Fernandez's absence has had a profound impact on the Marlins' 2017 season. Stanton, Marcell Ozuna, Christian Yelich, J.T. Realmuto and Gordon give the team the foundation for a formidable offense, but the Marlins are 73-81 in large part because of a starting rotation that ranks near the bottom of the National League in multiple categories. Aces of Fernandez's magnitude simply can't be replaced on the field.

The emotional fallout has been more profound on some days than others. On July 31 -- what would have been Fernandez's 25th birthday -- his mother and girlfriend, Maria Arias, visited Marlins Park with his daughter, Penelope, who was born in late February. As media members looked on, Gordon carried the baby girl through the clubhouse to the locker stall where the Marlins have set up a shrine in Fernandez's honor.

Mattingly misses Fernandez most acutely during games, when the pitcher would roam the dugout with wiseacre comments and a relentless energy.

"When he didn't pitch, he was one of those starters who are all over the place," Mattingly said. "He was on your team, on the umpires, fired up. [Clayton] Kershaw is like that. They say [Max] Scherzer is like that, and I've heard [Adam] Wainwright is like that. A lot of guys are just nonexistent on the days they don't pitch. You wouldn't even know they're there. Jose was always there."

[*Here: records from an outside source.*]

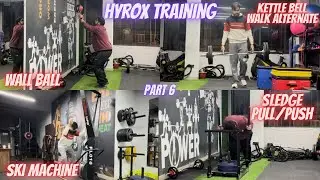 HYROX Training Part 6 | Sled Push Pull, Ski Machine, Kettlebell Walk & Wall Ball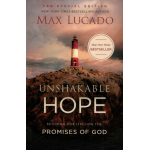 UNSHAKABLE HOPE - MAX LUCADO (LAST ONE)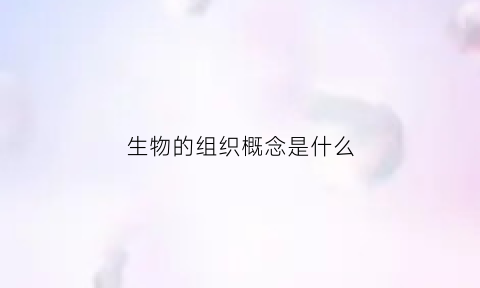 生物的组织概念是什么(生物的组织是什么意思)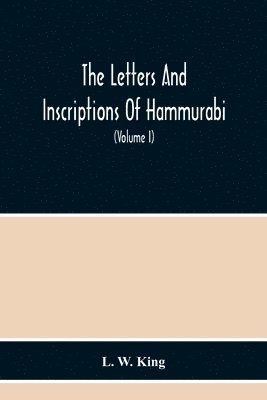 Letters And Inscriptions Of Hammurabi, King Of Babylon, About B.C. 2200, To Which Are Added A Series Of Letters Of Other Kings Of The First Dynasty Of Babylon. The Original Babylonian Texts, Edited From Tablets In The British Museum, With English Translati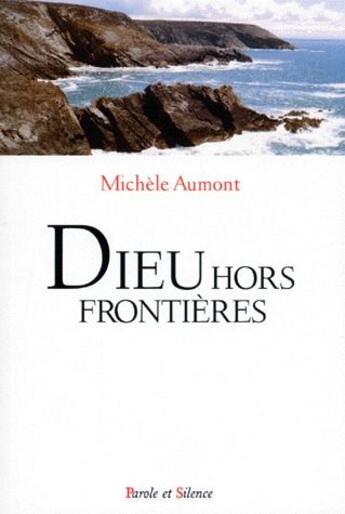 Couverture du livre « Dieu hors frontières » de Michele Aumont aux éditions Parole Et Silence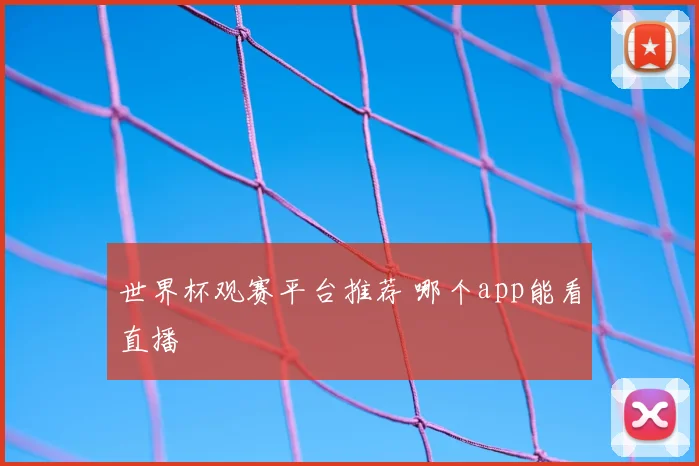 世界杯观赛平台推荐 哪个app能看直播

Kansas City Royals pitcher Yordano Ventura and St. Louis Cardinals outfielder Oscar Taveras died on the roads of the Dominican Republic in recent years, and Fernandez has been cited as an example of another young athlete whose recklessness led to his demise. But the teammates who shared a clubhouse with him choose to focus on the life he lived rather than the events leading up to his death. They loved and miss the Jose Fernandez who never stopped smiling, bantered constantly with fans and was in his element playing catch with first-graders.

"We don't remember the negative," said Ozuna, Fernandez's closest friend on the team. "I always remember the good vibes and good moments he brought to everybody. I remember everything positive.

"It was unbelievable to hear the news when I woke up that day. He wasn't only my friend -- he was like one of my brothers. On days off, he would call me and say, 'What are you doing? Come on over here. Bring your kids.' Him and his mother and grandmother loved my kids, and I would bring them and share those days off."

Ozuna, like others in Fernandez's inner circle, recalls his late teammate's sense of joy upon learning he would be a father. When baby Penelope appeared in the Marlins' clubhouse in July, several Miami players observed that she looked just like her daddy.

"Jose was excited," Ozuna said. "He kept telling me, 'I'm waiting on that moment when I'm going to see my baby born.' Then God turned the lights off. But he's in a better place now.

"He was way different [than anyone I had ever met]. He was different as a teammate and different as a player, and the team is different with him not here. The only thing we can do is keep going. You never know when God will turn off the lights."